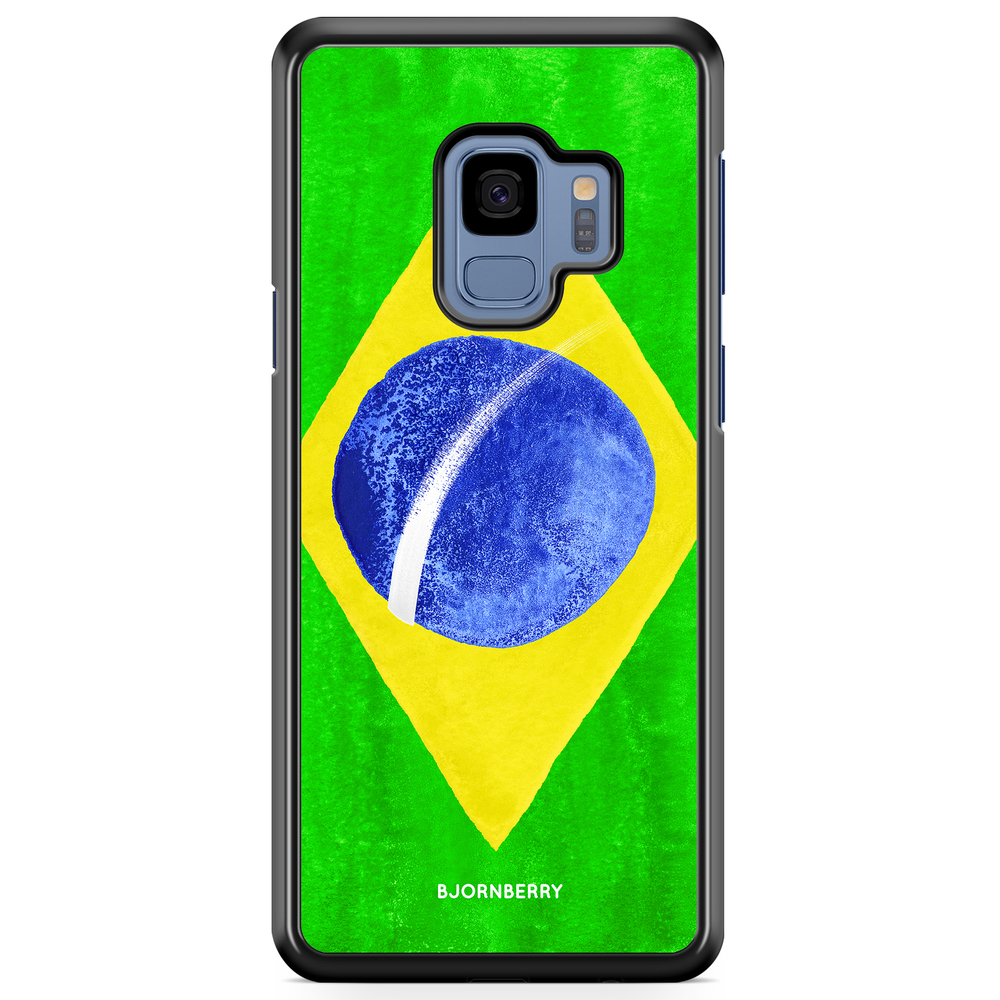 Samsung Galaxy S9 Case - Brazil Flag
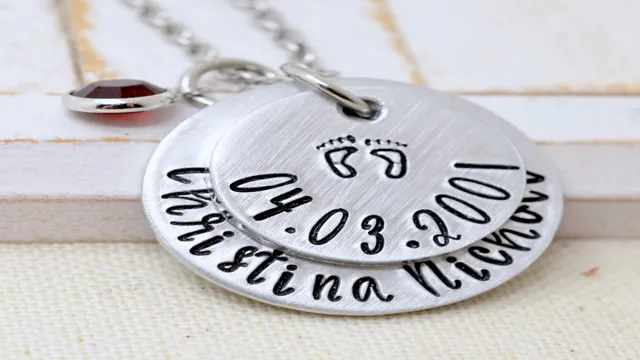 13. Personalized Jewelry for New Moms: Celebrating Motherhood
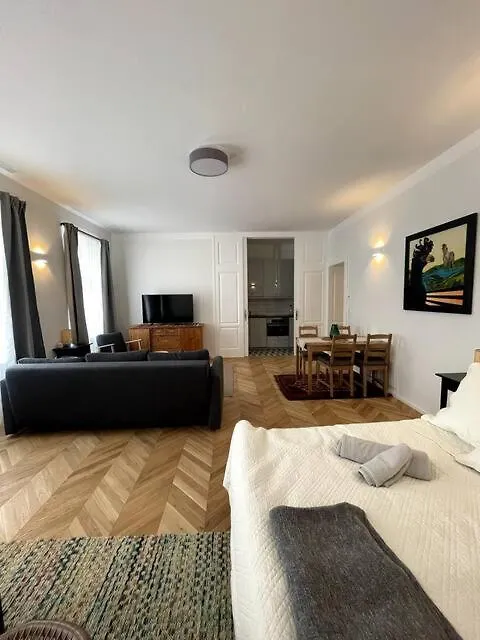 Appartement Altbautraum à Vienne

---

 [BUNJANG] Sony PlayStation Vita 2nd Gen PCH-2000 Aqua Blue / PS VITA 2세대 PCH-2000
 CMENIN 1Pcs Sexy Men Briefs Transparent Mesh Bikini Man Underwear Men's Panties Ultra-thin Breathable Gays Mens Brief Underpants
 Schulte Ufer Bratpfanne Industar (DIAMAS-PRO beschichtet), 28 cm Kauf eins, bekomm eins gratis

> [WHAT TO DO] Send back exactly the lines of the listing above starting at the one with "CMENIN 1Pcs Sexy" and ending at the one with "Schulte Ufer Bratpfanne", inclusive, and no others.

> [RESULT OF THIS TASK]
 CMENIN 1Pcs Sexy Men Briefs Transparent Mesh Bikini Man Underwear Men's Panties Ultra-thin Breathable Gays Mens Brief Underpants
 Schulte Ufer Bratpfanne Industar (DIAMAS-PRO beschichtet), 28 cm Kauf eins, bekomm eins gratis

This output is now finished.